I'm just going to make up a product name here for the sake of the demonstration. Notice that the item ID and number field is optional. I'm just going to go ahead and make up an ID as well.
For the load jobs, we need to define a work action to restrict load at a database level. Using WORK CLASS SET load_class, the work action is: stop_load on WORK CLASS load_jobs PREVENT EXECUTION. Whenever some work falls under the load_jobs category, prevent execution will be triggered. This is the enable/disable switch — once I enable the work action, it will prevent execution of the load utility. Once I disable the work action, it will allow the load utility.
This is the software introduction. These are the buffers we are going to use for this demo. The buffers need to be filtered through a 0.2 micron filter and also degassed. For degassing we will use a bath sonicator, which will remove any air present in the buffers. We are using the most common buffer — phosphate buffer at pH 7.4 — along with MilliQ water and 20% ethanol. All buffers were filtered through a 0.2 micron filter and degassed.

...

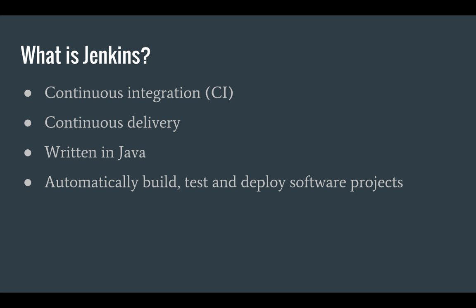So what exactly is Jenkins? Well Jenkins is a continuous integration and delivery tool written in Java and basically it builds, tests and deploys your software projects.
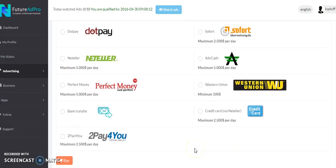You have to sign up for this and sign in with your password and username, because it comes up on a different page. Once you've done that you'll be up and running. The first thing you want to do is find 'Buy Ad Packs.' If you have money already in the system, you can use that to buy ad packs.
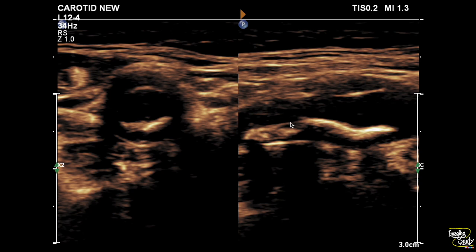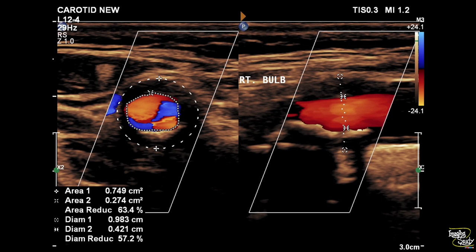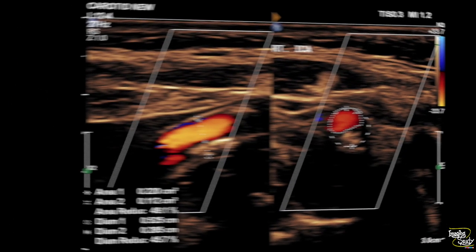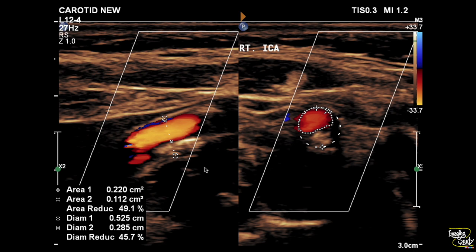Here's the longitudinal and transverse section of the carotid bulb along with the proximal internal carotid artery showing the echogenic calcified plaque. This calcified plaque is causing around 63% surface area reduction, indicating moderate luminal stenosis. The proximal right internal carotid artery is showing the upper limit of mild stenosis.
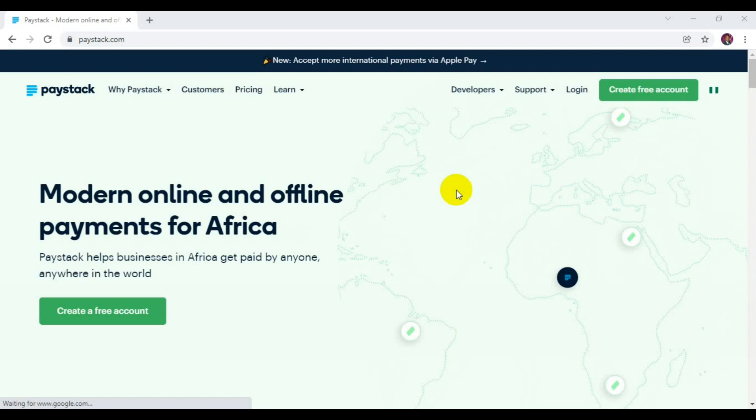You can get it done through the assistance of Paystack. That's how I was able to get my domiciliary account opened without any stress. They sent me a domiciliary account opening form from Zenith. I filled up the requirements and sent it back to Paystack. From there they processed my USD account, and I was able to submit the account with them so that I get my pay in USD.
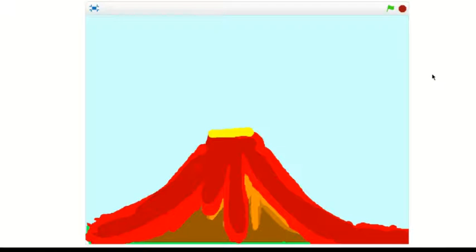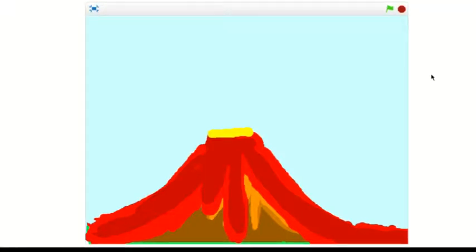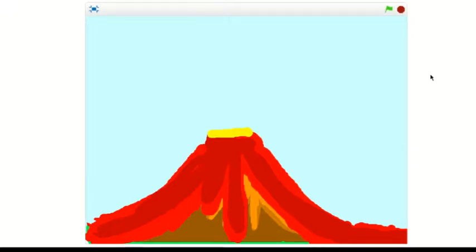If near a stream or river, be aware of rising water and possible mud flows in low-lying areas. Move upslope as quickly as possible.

◆ **Task objective**
Write out only the lines that run from the line containing "I'm just going to make" through the line containing "This is the software", both included, exactly as they appear above.

◆ **Answer for the task**
I'm just going to make up a product name here for the sake of the demonstration. Notice that the item ID and number field is optional. I'm just going to go ahead and make up an ID as well.
For the load jobs, we need to define a work action to restrict load at a database level. Using WORK CLASS SET load_class, the work action is: stop_load on WORK CLASS load_jobs PREVENT EXECUTION. Whenever some work falls under the load_jobs category, prevent execution will be triggered. This is the enable/disable switch — once I enable the work action, it will prevent execution of the load utility. Once I disable the work action, it will allow the load utility.
This is the software introduction. These are the buffers we are going to use for this demo. The buffers need to be filtered through a 0.2 micron filter and also degassed. For degassing we will use a bath sonicator, which will remove any air present in the buffers. We are using the most common buffer — phosphate buffer at pH 7.4 — along with MilliQ water and 20% ethanol. All buffers were filtered through a 0.2 micron filter and degassed.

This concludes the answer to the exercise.